Perkins departed, followed by Michel and Mr. Gates with an
unconscious sailor.

Parrette put out a hand to stop her son. “Young Leuven?”

Michel’s smoke-stained face turned her way. “Killed,” he
said in a dull voice. “The first one. The splinter that did for him was the
captain’s first wound.” He jerked his head to Mr. Gates, and they moved out
with their burden.

Parrette said, “Anna, come into the hold. You must shift
your clothes.”

“We both must,” Anna said, sick at the sight of her ruined
dress.

Parrette lowered her voice. “Your work is not yet done. The
weather is worsening. We must get all the wounded bound into their hammocks or
cots. And you,” she added, “must tend your husband.”

20

Anna had no strength to protest, and what could she say?
She did not feel in any respect a wife, but everyone regarded her as one.

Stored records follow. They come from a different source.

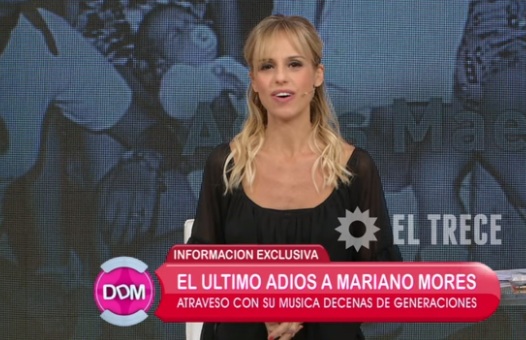 El eterno femenino de una imaginativa pintora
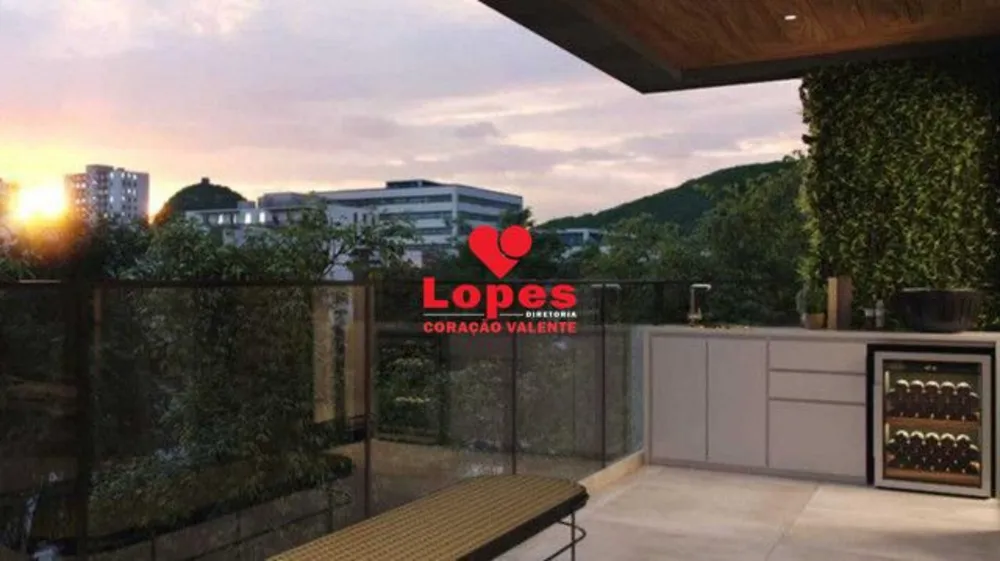 Apartamento, 2 quartos, 78 m² - Foto 3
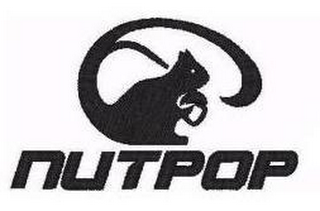 NUTPOP logo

Gripping a pail of unused water, she followed Parrette into
the hold. She ran her thumb along her fingers, and then peered down at her
blood-crusted hand by the flickering light of the lantern that Parrette held
high.

The ring was gone. Probably somewhere in that horror of an
orlop. She could not bear to return. Perhaps someone might find it, someone
inured to the aftermath of war.

Parrette continued into the hold, poking through the boxes
and barrels until at last they found their trunks. Each set down her bucket of
water. They were alone, though footsteps could be heard above.

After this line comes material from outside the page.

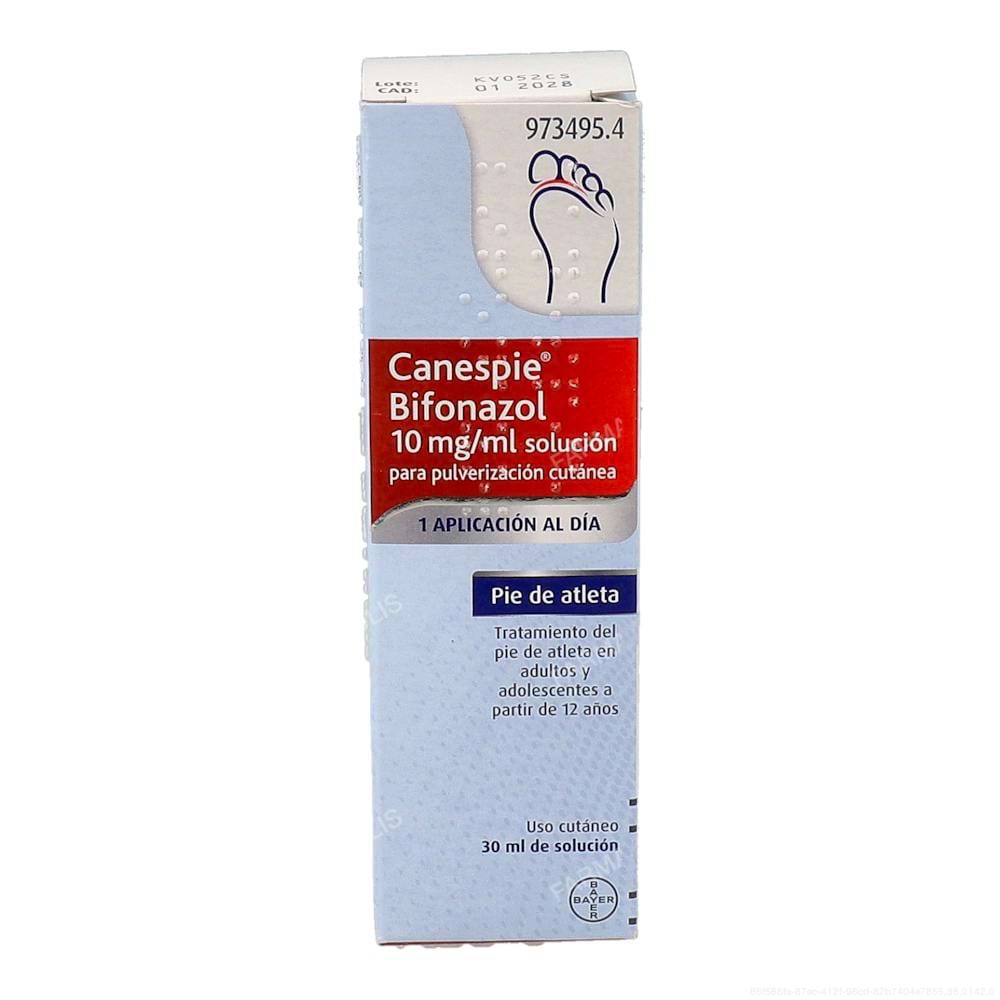 Canespie bifonazol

They hurried out of their clothes, and Anna gratefully
plunged her hands into her bucket. The cold liquid was shocking. Anna scrubbed
feverishly over every inch she could get at—she felt could not scrub enough.
She left off only when she discovered she was rubbing her skin raw. She
scrambled into fresh clothing, as Parrette blocked her from view of the ladder.

Parrette bent to pick up their discarded garments.

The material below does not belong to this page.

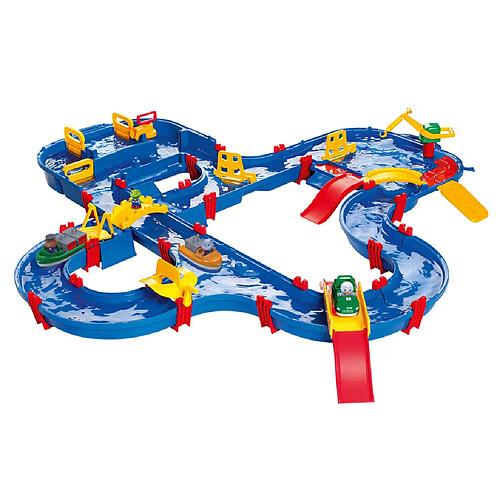 AquaPlay Jeu aquatique 1650 156 x 145 x 22 cm 3599097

Anna said fiercely, “Fling mine overboard. Or I will do it.
I will never wear that gown again.”

“I will put it to soak,” Parrette said tonelessly. “There
are other uses for the cloth.”

Anna heard no rebuke in her voice, but her throat ached, and
her eyes burned with unshed tears. “I beg pardon. I . . .”

“We both must take food. We will need our strength, and Lt.
Sayers said before he collapsed that the captain ordered a meal be shared out.”

“A meal.” For the first time since the cannon had begun to
fire, Anna began to wonder about the wider world—the upper deck, the weather
deck, the battle. She forced herself not to blurt questions that she knew
Parrette could not answer, and picked up her bucket.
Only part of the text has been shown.